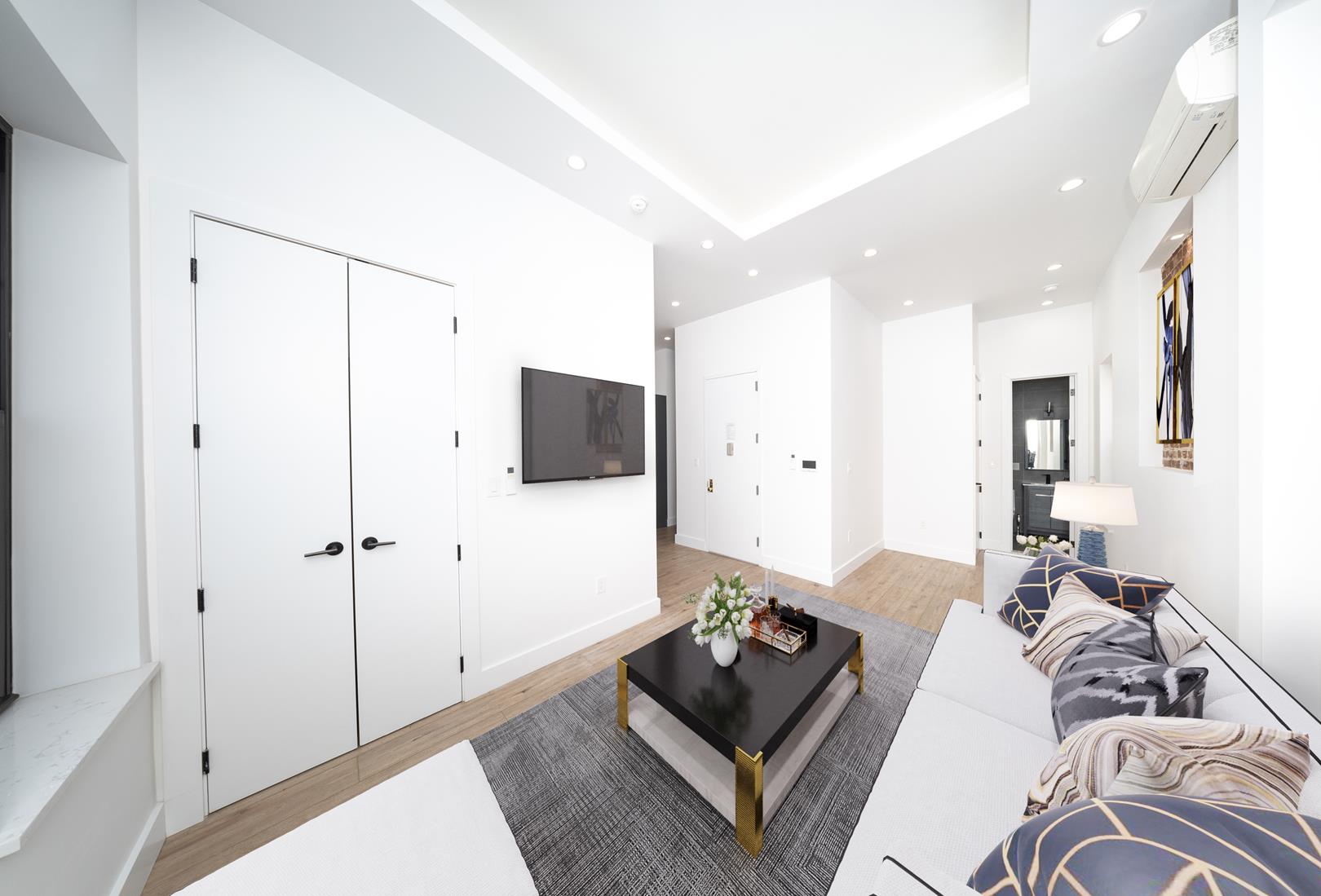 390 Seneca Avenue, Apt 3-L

::::::::

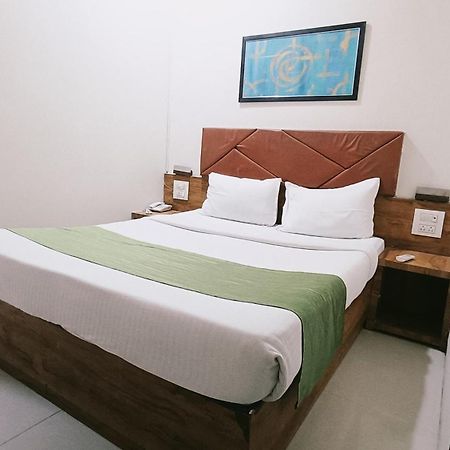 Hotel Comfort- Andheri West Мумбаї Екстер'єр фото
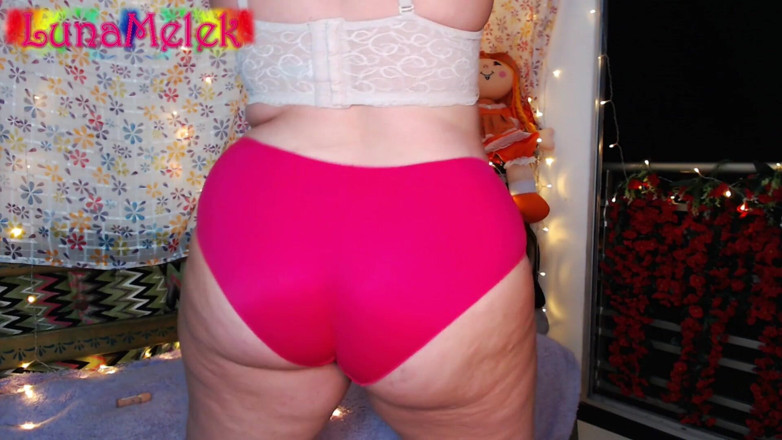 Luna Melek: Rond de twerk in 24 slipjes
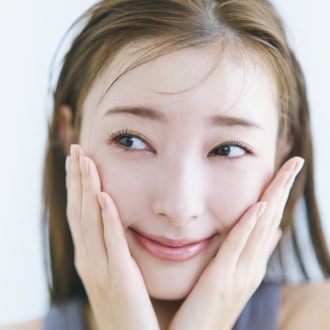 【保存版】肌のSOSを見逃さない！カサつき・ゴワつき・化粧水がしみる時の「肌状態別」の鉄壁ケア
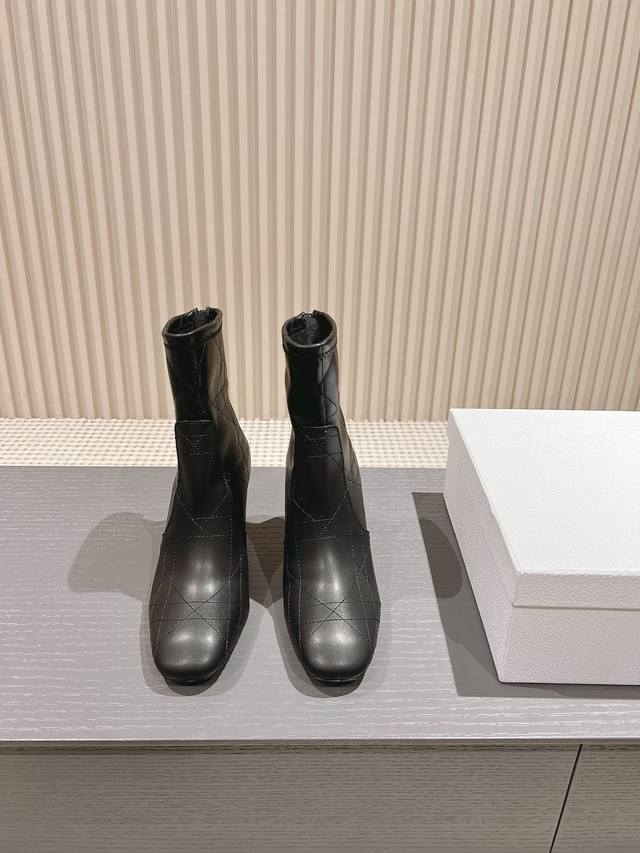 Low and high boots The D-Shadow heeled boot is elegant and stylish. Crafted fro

::::::::

Goal of the exercise
Using the data above, which lines fall from the one with "Hotel Comfort- Andheri" through the one with "Low and high"? Repeat them exactly, ends included, minus any pictures.

Answer space
 Hotel Comfort- Andheri West Мумбаї Екстер'єр фото
 Luna Melek: Rond de twerk in 24 slipjes
 【保存版】肌のSOSを見逃さない！カサつき・ゴワつき・化粧水がしみる時の「肌状態別」の鉄壁ケア
 Low and high boots The D-Shadow heeled boot is elegant and stylish. Crafted fro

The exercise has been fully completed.